YOUR INSTRUCTIONS
Please give all of the data again, character for character, and drop the pictures.

RAW DATA
* * * * * * * * *

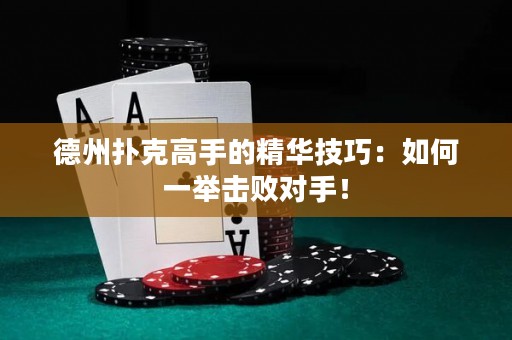 德州撲克高手的精華技巧：如何一舉擊敗對(duì)手！
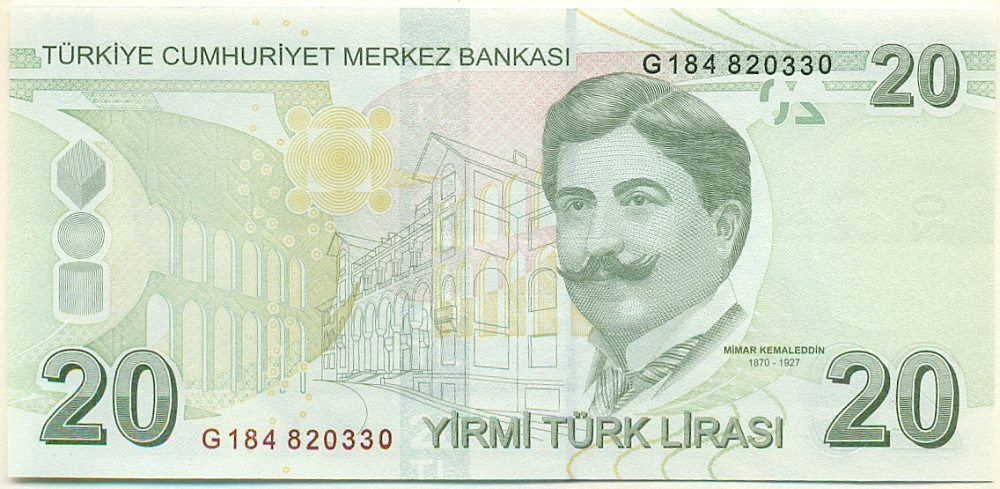 20 лир 2009 года Турция — Фото №2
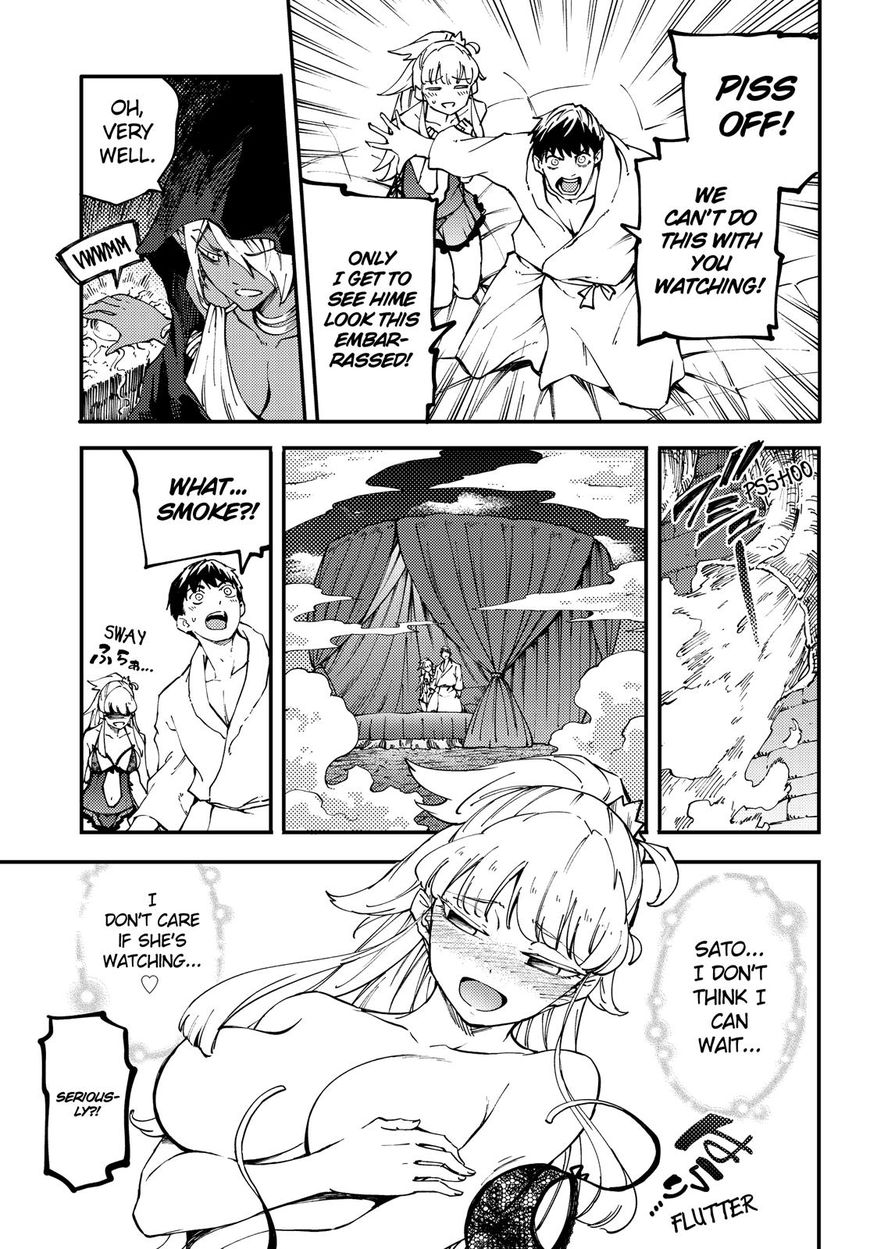 Kekkon Yubiwa Monogatari Chapter 40 - Page 24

* * * * * * * * *

SOLUTION FOR THIS PROBLEM
 德州撲克高手的精華技巧：如何一舉擊敗對(duì)手！
 20 лир 2009 года Турция — Фото №2
 Kekkon Yubiwa Monogatari Chapter 40 - Page 24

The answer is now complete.